Conducting a Root Cause Analysis Using Lean Manufacturing Principles


November 24, 2015

lean manufacturing principles

To achieve continuous process improvement, your organization needs a proven method for uncovering the root cause of nonconformances. A root cause analysis (RCA) can incorporate a wide range of quality methods that ultimately help identify what, how, and why an event occurred so that you can take the necessary steps to ensure that it does not repeat. The RCA process includes four basic steps:

  • Collecting relevant information about the nonconformance
  • Charting the causal factors
  • Pinpointing root causes
  • Developing and recommending solutions or corrective actions to address the root cause

If your organization has embraced lean manufacturing principles, then you are likely ahead of the curve in producing what is needed, when it is needed. You have learned that lean techniques, when successfully implemented, can help your organization reduce waste and improve process efficiency.

Fishbone Diagrams

One of the easiest lean methodologies to use is the fishbone diagram, also commonly referred to as an Ishikawa or cause-and-effect diagram. This simple method helps an improvement team discover various potential causes for a nonconformance and is often used in combination with brainstorming activities. Creating a fishbone diagram is beneficial because it:

  • Is a team exercise that incorporates the ideas of all members
  • Helps sort ideas into organized categories
  • Results in an easily understood visual of the potential root causes of a nonconformance

There are just a few steps involved in creating a fishbone diagram with members of your improvement team or committee:

  • Jot down the problem statement (the nonconformance) on a flipchart.

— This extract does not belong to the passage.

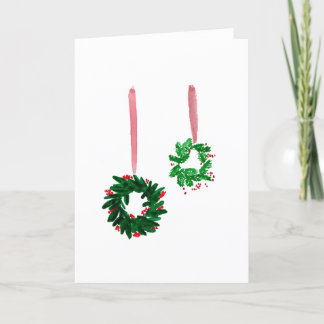 Festividades Cartão de cor d'água da jante de Natal minimalista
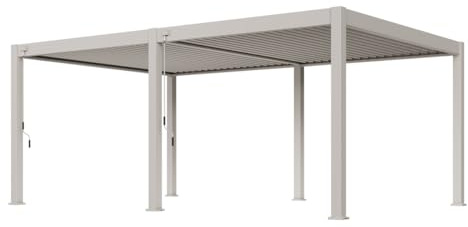 Weide Deluxe Plus | Pergola aus Vollaluminium freistehend | 4 x 6 M | Lamellendach Ivory Sand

Then draw a box around the statement with a horizontal arrow running to it.
  • Next, group members share their thoughts by brainstorming the main categories of causes that may be contributing to the problem at hand. Categories could include machines, people, or materials.
  • Each category of a potential cause becomes branches from the main arrow.
  • Group members continue to brainstorm all the potential causes by asking, “Why does this happen?” The ideas generated become branches to the appropriate category or categories.
  • Participants continue to ask “Why does this happen?” about each cause. Any sub-causes then branch out from the primary causes, thus creating the fishbone appearance. Continue to ask “Why?” to develop deeper levels of causes and to identify causal relationships.

Keep Asking Why

You will notice that asking the question “Why?” plays a key role in developing a fishbone diagram to uncover root causes. This action fits nicely with advice from noted quality guru Shigeo Shingo, who said, “A relentless barrage of ‘why’s’ is the best way to prepare your mind to pierce the clouded veil of thinking caused by the status quo. Use it often.”

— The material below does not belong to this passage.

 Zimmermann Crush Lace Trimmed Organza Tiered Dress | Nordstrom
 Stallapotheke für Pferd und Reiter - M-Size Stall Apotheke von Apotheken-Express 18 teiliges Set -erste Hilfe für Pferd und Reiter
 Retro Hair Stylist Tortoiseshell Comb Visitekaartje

Asking why not only is an important part of the fishbone diagram technique, but also is the foundation of 5 Whys analysis—another effective method for determining root causes. Remember, however, that 5 is not a magic number; it may take fewer why questions or several more to actually determine the root cause of your nonconformance. By asking why approximately five times though, you can drill down more easily to the root of the nonconformance. Five Whys analysis is also useful for discovering relationships between various root causes of a single nonconformance, and it is a simple method that does not involve statistical analysis.

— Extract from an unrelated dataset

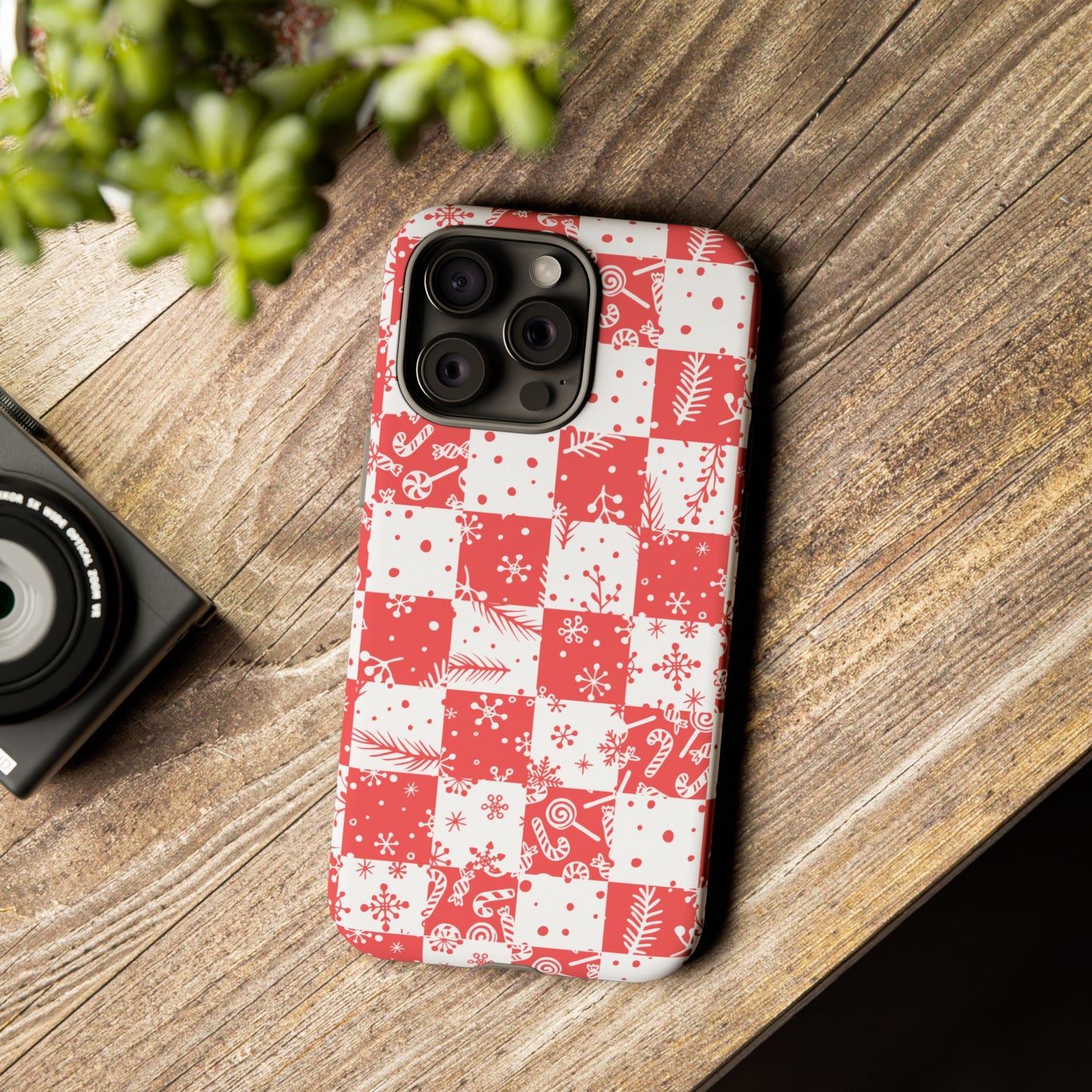 Christmas Red Buffalo Check Phone Case - Holiday Snowflake Pattern Tough Case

Another effective problem-solving method is the eight disciplines (8D) model, which is useful for identifying, correcting, and ultimately eliminating recurring problems, and it is effective for both product and process improvement. The 8D approach establishes a permanent corrective action based on statistical analysis of the problem and focuses on the source of the problem by determining its root causes. 

Ensuring Long-Term Results

Once the root causes of a nonconformance are uncovered and corrective actions are implemented, the next goal is ensuring that your solutions are maintained for the long term. If your organization has a layered process audit (LPA) system, consider focusing some of your audit checklist questions on processes associated with the root causes of your most critical nonconformances. LPAs offer an excellent mechanism to verify and sustain your corrective actions. 

By coordinating your lean initiatives with your RCA efforts, your organization will be well on its way to long-term quality improvement.